Happy Sunday Geeklings! Full day ahead of us with a new episode of Game of Thrones (woot woot), the premiere of Preacher on AMC (keep an eye out for my reviews on Fan Fest), and the Extreme Rules wrestling ppv. I’ve already figured that I will have enough time to do two of these three things, and if you’ll allow me to quote Meatloaf, two out of three ain’t bad (except it totally is in that song. Have you guys listened to the lyrics? It’s brutal. Could you imagine hearing that from a loved one. “I want you” (score!) “I need you” (keep talking baby), “but there ain’t no way I’m ever going to love you” (I’m sorry WTF?!). Why you hate me so much Loaf?!). I’ll be watching the wrestling ppv with some friends as is our monthly tradition (as non fully formed adults) and then returning home for Preacher. It wasn’t an easy choice, choosing Preacher over Game of Thrones, as I have to write a review tomorrow and I’ll be in a mostly spoiler free work environment Monday so I’m alright with my choice. Who knows, maybe I’ll be up to one o’clock watching everything. There are worse things that could happen I suppose.

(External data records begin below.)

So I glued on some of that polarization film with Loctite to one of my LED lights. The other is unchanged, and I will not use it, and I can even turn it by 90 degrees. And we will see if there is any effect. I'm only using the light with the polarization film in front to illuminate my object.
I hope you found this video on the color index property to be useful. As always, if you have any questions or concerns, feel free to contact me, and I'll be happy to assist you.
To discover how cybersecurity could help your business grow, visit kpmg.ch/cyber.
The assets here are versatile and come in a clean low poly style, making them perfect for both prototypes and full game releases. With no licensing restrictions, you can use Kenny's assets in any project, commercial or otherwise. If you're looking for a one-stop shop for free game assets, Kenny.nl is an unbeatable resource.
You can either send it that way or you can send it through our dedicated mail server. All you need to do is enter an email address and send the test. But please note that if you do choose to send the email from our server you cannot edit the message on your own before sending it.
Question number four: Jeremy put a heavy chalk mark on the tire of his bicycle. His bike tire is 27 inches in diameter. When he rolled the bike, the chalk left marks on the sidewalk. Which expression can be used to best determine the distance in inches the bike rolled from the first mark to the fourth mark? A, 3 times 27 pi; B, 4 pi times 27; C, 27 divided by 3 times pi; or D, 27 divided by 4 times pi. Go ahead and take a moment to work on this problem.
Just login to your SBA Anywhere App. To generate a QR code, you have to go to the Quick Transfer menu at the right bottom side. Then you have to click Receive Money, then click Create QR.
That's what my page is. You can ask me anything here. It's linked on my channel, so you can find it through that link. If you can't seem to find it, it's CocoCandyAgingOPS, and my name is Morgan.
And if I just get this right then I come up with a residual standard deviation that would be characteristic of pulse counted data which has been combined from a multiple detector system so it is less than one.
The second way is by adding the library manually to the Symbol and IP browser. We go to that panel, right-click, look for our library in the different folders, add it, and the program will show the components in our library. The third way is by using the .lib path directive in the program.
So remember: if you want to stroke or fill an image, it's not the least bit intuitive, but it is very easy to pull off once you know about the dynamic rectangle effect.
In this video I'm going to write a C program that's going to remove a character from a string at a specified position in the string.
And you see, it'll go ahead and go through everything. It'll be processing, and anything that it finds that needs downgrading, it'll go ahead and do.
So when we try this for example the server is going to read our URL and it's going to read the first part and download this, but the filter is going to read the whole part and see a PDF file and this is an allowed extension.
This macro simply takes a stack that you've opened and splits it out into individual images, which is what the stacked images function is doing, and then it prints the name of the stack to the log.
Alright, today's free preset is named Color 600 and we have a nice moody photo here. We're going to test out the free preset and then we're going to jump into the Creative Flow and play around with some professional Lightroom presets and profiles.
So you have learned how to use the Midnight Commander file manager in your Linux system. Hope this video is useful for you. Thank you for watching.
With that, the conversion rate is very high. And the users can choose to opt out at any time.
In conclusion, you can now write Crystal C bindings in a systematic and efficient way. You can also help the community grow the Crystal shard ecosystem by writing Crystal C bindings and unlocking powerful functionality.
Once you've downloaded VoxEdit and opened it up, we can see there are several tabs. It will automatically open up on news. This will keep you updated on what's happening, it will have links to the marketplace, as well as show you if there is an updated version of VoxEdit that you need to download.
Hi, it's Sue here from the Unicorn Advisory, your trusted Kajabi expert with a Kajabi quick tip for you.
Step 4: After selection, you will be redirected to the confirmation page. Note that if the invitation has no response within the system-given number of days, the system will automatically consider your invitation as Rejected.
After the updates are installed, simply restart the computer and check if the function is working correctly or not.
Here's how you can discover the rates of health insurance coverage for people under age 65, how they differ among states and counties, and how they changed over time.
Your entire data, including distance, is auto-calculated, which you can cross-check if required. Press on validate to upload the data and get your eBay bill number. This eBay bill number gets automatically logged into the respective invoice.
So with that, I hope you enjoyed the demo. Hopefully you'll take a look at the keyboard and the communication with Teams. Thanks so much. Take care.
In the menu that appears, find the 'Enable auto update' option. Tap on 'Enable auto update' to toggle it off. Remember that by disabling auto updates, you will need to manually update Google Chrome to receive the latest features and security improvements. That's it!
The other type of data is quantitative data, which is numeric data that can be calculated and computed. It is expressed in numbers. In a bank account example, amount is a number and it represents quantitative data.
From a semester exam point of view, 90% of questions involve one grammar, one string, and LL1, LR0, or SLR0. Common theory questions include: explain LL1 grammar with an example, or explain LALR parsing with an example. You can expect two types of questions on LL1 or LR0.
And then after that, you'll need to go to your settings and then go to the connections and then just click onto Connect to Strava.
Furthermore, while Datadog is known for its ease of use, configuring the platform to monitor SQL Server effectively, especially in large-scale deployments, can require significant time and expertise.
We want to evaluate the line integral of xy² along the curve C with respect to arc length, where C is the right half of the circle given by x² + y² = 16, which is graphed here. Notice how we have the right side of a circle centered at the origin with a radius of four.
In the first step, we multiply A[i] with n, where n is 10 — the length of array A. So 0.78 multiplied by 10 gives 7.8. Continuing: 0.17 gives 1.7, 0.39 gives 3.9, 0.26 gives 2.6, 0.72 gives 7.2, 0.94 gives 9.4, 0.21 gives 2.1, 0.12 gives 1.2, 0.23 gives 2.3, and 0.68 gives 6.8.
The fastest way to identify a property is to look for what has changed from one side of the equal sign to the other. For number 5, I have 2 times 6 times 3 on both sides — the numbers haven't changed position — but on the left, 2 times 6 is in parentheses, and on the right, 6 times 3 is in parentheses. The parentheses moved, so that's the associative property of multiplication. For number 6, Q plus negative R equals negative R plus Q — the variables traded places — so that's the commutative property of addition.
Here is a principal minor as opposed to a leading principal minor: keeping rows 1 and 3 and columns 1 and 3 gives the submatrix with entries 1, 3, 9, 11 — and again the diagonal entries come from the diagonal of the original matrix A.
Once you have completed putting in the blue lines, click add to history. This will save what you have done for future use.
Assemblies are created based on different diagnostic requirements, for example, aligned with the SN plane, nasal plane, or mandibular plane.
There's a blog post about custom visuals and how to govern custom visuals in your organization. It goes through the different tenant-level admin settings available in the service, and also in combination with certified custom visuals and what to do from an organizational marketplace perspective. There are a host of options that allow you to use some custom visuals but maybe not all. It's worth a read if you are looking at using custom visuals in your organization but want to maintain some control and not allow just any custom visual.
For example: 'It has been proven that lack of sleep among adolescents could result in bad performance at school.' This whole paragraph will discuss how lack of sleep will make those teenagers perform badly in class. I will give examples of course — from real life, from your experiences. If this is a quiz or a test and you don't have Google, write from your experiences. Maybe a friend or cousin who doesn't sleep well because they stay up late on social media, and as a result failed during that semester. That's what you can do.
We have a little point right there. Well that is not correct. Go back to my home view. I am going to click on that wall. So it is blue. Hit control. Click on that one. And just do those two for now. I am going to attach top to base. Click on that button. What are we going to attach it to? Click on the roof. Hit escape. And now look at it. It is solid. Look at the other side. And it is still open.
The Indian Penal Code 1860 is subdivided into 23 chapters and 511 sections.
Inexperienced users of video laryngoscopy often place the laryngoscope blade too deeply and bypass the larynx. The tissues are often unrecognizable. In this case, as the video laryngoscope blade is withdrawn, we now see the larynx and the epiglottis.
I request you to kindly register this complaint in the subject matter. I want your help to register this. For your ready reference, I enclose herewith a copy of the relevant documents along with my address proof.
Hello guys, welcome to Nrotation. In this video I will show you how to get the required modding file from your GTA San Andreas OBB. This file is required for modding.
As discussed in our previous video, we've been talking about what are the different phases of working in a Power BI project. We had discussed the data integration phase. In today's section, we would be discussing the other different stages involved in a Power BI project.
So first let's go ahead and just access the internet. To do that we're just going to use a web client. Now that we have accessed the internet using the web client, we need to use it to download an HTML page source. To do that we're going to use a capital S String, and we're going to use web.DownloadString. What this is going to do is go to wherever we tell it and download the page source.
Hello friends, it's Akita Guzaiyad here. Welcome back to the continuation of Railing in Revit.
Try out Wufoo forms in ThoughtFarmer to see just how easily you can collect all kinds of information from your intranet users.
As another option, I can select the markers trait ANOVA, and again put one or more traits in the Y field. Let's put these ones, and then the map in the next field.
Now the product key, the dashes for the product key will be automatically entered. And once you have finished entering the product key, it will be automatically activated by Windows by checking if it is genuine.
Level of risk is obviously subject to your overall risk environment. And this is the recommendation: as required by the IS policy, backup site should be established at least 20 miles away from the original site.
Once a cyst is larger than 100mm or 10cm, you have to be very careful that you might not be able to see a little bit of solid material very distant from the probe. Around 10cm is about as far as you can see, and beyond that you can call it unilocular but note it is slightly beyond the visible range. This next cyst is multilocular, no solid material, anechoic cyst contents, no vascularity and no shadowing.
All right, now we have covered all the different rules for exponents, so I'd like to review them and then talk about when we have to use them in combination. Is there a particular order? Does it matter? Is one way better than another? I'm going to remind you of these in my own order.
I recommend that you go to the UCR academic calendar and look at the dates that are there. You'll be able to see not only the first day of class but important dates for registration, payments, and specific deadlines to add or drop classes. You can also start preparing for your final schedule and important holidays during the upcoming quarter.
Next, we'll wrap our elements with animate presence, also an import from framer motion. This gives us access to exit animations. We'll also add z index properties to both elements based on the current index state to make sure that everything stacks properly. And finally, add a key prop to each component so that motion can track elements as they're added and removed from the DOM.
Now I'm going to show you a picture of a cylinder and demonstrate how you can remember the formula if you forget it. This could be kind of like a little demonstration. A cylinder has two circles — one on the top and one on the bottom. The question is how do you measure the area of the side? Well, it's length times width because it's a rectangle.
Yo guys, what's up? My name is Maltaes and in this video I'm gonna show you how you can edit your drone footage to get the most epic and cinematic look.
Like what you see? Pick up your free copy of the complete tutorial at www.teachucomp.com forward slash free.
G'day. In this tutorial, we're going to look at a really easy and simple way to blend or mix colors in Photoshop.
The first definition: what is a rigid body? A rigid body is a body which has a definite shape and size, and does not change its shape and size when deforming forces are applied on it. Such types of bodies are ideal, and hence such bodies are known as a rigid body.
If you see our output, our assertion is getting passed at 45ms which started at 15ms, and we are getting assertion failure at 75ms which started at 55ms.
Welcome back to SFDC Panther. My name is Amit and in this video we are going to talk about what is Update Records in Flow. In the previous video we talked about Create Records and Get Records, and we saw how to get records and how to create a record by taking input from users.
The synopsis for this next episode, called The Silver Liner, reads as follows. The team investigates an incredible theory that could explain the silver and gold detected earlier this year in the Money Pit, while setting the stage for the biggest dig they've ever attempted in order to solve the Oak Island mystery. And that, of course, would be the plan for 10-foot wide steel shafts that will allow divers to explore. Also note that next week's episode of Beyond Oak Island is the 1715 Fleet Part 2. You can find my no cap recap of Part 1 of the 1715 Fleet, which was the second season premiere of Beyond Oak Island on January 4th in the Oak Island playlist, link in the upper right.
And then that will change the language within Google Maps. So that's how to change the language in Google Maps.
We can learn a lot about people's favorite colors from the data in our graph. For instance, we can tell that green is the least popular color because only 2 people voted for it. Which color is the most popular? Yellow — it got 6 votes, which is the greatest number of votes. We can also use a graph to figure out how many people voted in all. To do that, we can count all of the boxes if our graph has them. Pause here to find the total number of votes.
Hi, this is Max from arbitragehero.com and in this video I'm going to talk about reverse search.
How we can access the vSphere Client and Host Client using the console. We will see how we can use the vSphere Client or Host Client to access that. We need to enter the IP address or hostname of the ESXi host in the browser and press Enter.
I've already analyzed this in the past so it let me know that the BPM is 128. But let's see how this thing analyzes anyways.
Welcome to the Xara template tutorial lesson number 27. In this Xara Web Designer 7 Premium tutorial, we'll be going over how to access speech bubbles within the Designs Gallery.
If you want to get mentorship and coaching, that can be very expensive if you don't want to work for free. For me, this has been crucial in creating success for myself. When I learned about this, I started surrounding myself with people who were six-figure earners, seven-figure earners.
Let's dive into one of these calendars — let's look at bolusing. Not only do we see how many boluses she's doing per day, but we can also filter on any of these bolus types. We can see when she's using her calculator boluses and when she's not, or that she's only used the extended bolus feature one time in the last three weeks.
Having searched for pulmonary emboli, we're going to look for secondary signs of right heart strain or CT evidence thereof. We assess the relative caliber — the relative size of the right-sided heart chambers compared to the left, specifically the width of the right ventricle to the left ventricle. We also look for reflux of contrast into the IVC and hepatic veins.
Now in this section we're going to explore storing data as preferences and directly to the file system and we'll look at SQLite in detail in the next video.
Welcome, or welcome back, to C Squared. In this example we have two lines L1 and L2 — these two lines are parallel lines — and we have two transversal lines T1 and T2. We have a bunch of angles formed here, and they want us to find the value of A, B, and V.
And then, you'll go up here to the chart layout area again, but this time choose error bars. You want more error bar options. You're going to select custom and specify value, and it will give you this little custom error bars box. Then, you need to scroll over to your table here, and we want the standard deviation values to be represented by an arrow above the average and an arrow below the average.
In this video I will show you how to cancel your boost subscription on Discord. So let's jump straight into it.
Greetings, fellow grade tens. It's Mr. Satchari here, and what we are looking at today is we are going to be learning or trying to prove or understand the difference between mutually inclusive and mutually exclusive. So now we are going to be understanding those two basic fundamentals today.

I didn’t post yesterday as I wrote two write ups for Fan Fest and then had to go to work. Ran out of time but I did write so I count it as a win. Well, that wasn’t the only reason I didn’t post yesterday. I was feeling a bit disappointed. All week I had been talking about going to get a tattoo. *gasp* “Kevin you didn’t mention a tattoo here” and you’re right because I wanted to have this awesome post about my geeky tattoo choice, but sadly it never happened. The only thing I did was allude to it in my lame Friday post. Fails all around.
I’ve wanted another tattoo for awhile now (my first is the word “Ka” from the Dark Tower books) and have been wrestling with getting it for awhile. I know I want to get Pearl Jam lyrics at some point but choosing a song can be difficult. Although, I have a couple of lyrics narrowed down (“the in between is mine” is the current front runner) I’ve never pulled the trigger on it.It’s not like I’m worried I’m going to regret it (come on Pearl Jam is life, you all know this) it’s more of a make a choice and money thing. It’ll happen at some point. When I’m ready.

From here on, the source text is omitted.